I've been day dreaming about this idea for a month or two. There are many hypothesises that describe the universe in some higher number of dimensions. As far as I know, this is always an integer number of dimensions. I've been wondering if it is possible for the universe to have a fractional number of dimensions, say 3.139 dimensions, where there are 3 spatial dimensions plus the 0.139. The 0.139 could be time. It's fractionality would explain why it seems to behave in a different manner than the other dimensions. The flow of time could actually be the dimensionality of the universe increasing towards four dimensions. In other words, time is inflating into a full dimension. This would also explain why the universe is expanding because [tex] distance = \sqrt{x^2+y^2+z^2+t^2} > \sqrt{x^2+y^2+z^2+(t-\alpha)^2} [/tex] and because t is increasing. In reality, time would have to increase at a rate of (if I did my math right) [tex]t(\tau) = \frac{1}{2}\tau^2[/tex] to account for linearly expanding space. This leads to a time-dependent distance formula given by [tex] distance(\tau) = \sqrt{x^2+y^2+z^2+\frac{1}{2}\tau^{2}w^{2}} [/tex] But this is more in the finer details. Conversely, it could be that time is actually moving backwards and the dimensionality of the universe is decreasing. This would easily explain the relatively even distribution of matter in the universe. In this case, the perceived expansion of the universe could be some kind of "conservation of space." I just thought that this was interesting because it unifies space and time, and it also explains why the universe is expanding. I'm not posting this to the personal research forum because it is largely speculative, and I'm really looking more for comments and criticism.
What you've written down wouldn't mathematically represent a non-integer number of dimensions. If you want to learn about things with non-integer dimensions, read up on fractals.
The expansion of the universe results in a change in the spatial separation between two points: [tex]d = \sqrt{x(t+\Delta t)^2 + y(t+\Delta t)^2 + z(t+\Delta t)^2} > \sqrt{x(t)^2 + y(t)^2 + z(t)^2}[/tex] not the distance you've given.

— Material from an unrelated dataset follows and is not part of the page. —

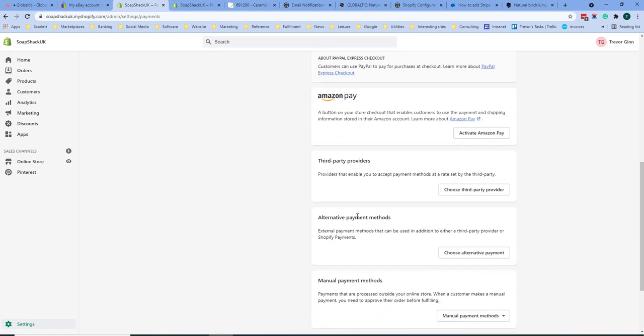You can also set third party providers and alternative payment methods. These are things for example like Stripe or checkout.com and by clicking on these options you will enter your account details which will then allow you to take payment.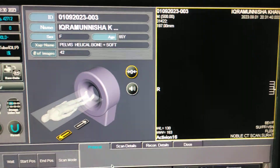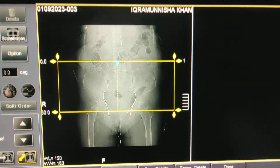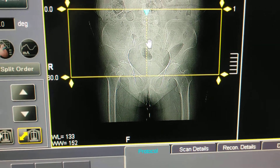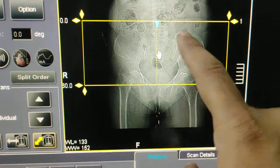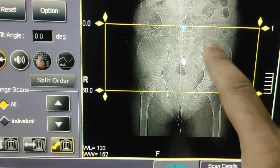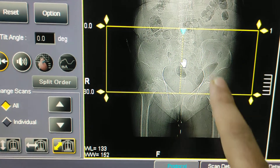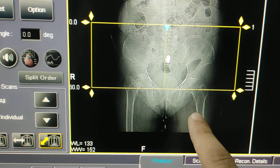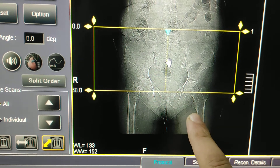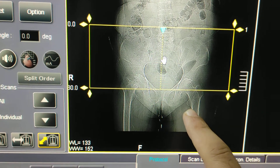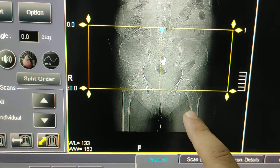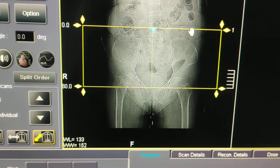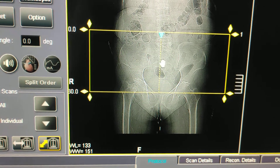Now here is the new scanogram. I will show you the exact planning. Here is the iliac bone and iliac crest. You have to cover the head and neck of the femur — this is the greater trochanter, this is the lesser trochanter. You have to cover up to the lesser trochanter.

Sorry. What I meant was (and this is slightly different than my earlier notation): [tex]d = \sqrt{ {\Delta x}^2 + {\Delta y}^2 + {\Delta z}^2 + \tau {\Delta w}^2} > \sqrt{{\Delta x}^2 + {\Delta y}^2 + {\Delta z}^2 + (\tau-h) {\Delta w}^2}[/tex] where [tex]0 \leq \tau \leq 1[/tex] This is intended to give the distance between two stationary points as a function of time, where the universe is expanding and the number of spatial dimensions n is [tex]3 < n < 4[/tex] or [tex] n = 3 + \tau[/tex] EDIT: and the dimensions are x, y, z, and w.
What you have written down are three spatial and one time dimension. Those equations do not represent a change in the number of dimensions.

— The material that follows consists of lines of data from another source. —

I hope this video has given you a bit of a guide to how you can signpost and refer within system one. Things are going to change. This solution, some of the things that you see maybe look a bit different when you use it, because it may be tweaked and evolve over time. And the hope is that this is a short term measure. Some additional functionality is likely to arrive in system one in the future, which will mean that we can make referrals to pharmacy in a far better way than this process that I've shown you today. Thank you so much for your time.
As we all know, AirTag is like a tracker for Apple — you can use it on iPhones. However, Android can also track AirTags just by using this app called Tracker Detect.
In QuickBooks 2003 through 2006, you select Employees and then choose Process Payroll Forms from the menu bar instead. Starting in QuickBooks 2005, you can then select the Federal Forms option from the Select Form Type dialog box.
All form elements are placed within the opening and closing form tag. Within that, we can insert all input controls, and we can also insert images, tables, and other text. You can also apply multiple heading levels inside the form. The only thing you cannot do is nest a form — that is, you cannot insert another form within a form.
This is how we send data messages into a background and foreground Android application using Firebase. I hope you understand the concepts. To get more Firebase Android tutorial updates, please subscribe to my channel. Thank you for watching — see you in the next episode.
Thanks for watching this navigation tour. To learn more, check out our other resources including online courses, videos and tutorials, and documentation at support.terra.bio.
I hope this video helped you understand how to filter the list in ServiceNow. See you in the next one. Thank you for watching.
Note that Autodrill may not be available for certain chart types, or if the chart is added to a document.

Fractal dimensions require that one redefine the term dimension. I'm trying to use a more classical definition.
I may have been editing my post when you wrote this. It is intended to [tex]3+\tau[/tex] spatial dimensions. When [tex]\tau = 1[/tex], there are then 4 spatial dimensions and every molecule and every atom in the universe is ripped apart.
But because there are a fractional number of spatial dimensions, there are [tex]3 +\tau[/tex] dimensions being projected on to three. Only when there are four full dimensions x, y, z, and w, will a point have four spatial coordinates.
Except your line element includes the w coordinate, and thus there are always four spatial coordinates in this scheme.
If you want non integer dimensions look at fractals. But I do not see what non integer dimensions have to do with time.